Mike Cantlay: “The whole game here is growth – and sustained growth. Tourism follows the economic cycles. For Scotland, it is about building on the momentum of 2014. We’ve had these great events of the Winning Years. It’s great to look around the room and see businesses who were part of this success – so congratulations on that.”
The value of Scotland’s tourism was calculated at around £11bn in 2014 and is expected to more than double to £23.1bn by 2025, representing 11.5% of our national GDP. Another report suggested that revenue from tourism between 2014 and 2017 will grow by 28%.
“In the period between 2012 and 2014, tourism in Scotland created 29,700 jobs. Our tourism industry is off and running. The question is: what do we do now?” he said. He said that it was unlikely there would be three themes integrating so well for Scotland again: The Year of Homecoming, with 970 events, the Commonwealth Games, and the Ryder Cup. “It was very special.”
However, in 2015, the Year of Food and Drink is ready to be exploited and is a ‘perfect theme’, focusing on an international consumer market. “We should be able to use that theme to go out and sell around the world,” he said.
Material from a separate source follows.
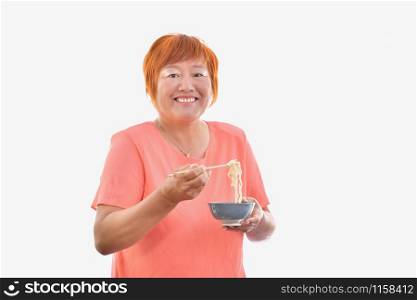 Chinese woman eating with chopsticks looking and smiling to camera, on a light background.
Scotland now has a proven track record in delivering major international events, and this includes the likes of T in The Park, proving Scotland had the capability of organising brilliant events that were safe and well-organised. But, in such a global industry, Scotland could not afford to be complacent.
“If there was one thing that people omit about 2014’s success: it is the Scottish people. It only worked because Scots got into it. This is really back to Peter Lederer’s mantra: ‘Tourism is Everyone’s Business’. Millions of extra tickets for events were bought by Scots. Scots played a great welcoming role for our guests.”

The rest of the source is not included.